(Excerpts from a dataset)
>>>

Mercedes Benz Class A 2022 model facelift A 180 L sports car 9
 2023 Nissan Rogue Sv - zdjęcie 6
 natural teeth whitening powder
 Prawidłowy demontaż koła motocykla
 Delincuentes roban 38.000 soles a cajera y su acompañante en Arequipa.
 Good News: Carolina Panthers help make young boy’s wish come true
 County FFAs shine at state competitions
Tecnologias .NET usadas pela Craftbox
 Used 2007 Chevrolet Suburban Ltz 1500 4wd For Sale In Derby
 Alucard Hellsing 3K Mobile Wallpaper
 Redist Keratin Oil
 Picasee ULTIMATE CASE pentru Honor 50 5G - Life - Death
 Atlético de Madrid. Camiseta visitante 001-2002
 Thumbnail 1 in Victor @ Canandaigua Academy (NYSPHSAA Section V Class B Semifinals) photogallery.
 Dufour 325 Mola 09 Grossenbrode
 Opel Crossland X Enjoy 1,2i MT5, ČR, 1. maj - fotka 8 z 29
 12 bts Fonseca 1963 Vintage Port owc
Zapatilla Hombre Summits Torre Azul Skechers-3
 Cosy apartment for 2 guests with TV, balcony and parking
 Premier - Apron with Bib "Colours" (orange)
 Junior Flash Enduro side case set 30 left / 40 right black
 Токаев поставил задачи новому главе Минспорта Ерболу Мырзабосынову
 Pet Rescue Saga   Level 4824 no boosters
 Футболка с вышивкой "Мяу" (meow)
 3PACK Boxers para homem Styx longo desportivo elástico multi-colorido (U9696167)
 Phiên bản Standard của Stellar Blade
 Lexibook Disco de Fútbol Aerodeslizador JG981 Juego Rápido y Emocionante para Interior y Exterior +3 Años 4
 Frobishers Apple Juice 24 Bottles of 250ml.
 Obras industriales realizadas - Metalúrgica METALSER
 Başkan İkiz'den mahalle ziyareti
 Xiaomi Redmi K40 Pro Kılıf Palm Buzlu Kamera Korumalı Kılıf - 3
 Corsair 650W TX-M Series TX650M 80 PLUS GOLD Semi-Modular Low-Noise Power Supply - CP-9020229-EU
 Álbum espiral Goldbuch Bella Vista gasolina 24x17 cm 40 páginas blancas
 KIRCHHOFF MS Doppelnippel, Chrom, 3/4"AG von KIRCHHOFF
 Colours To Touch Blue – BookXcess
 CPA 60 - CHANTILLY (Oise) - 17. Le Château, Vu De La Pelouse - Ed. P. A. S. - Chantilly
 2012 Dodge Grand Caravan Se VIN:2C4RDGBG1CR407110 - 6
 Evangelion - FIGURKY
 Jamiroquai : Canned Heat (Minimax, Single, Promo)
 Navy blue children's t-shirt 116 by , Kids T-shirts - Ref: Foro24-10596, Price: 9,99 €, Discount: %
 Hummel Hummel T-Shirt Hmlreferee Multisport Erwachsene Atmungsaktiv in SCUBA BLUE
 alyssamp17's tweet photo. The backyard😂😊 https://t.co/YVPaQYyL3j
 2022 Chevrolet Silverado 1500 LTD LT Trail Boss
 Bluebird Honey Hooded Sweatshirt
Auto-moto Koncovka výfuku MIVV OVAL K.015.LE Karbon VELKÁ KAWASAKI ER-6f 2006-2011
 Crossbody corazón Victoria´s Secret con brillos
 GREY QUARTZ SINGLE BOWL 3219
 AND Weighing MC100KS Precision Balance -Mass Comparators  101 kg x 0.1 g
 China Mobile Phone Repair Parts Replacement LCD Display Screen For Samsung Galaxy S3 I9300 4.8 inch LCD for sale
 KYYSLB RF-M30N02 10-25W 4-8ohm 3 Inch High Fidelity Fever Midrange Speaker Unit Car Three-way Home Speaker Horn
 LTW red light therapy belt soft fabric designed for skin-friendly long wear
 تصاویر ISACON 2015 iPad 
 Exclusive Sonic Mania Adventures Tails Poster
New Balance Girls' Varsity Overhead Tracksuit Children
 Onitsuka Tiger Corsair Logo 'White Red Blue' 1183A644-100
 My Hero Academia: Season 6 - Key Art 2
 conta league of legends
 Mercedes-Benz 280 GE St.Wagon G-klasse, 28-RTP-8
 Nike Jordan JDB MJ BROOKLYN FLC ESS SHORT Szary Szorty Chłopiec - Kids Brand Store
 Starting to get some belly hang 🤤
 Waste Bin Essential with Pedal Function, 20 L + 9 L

<<<

== Task brief ==
Starting at the line above that holds "Used 2007 Chevrolet" and ending at the line that holds "Футболка с вышивкой", transcribe each line exactly and include no other lines.

== Answer ==
 Used 2007 Chevrolet Suburban Ltz 1500 4wd For Sale In Derby
 Alucard Hellsing 3K Mobile Wallpaper
 Redist Keratin Oil
 Picasee ULTIMATE CASE pentru Honor 50 5G - Life - Death
 Atlético de Madrid. Camiseta visitante 001-2002
 Thumbnail 1 in Victor @ Canandaigua Academy (NYSPHSAA Section V Class B Semifinals) photogallery.
 Dufour 325 Mola 09 Grossenbrode
 Opel Crossland X Enjoy 1,2i MT5, ČR, 1. maj - fotka 8 z 29
 12 bts Fonseca 1963 Vintage Port owc
Zapatilla Hombre Summits Torre Azul Skechers-3
 Cosy apartment for 2 guests with TV, balcony and parking
 Premier - Apron with Bib "Colours" (orange)
 Junior Flash Enduro side case set 30 left / 40 right black
 Токаев поставил задачи новому главе Минспорта Ерболу Мырзабосынову
 Pet Rescue Saga   Level 4824 no boosters
 Футболка с вышивкой "Мяу" (meow)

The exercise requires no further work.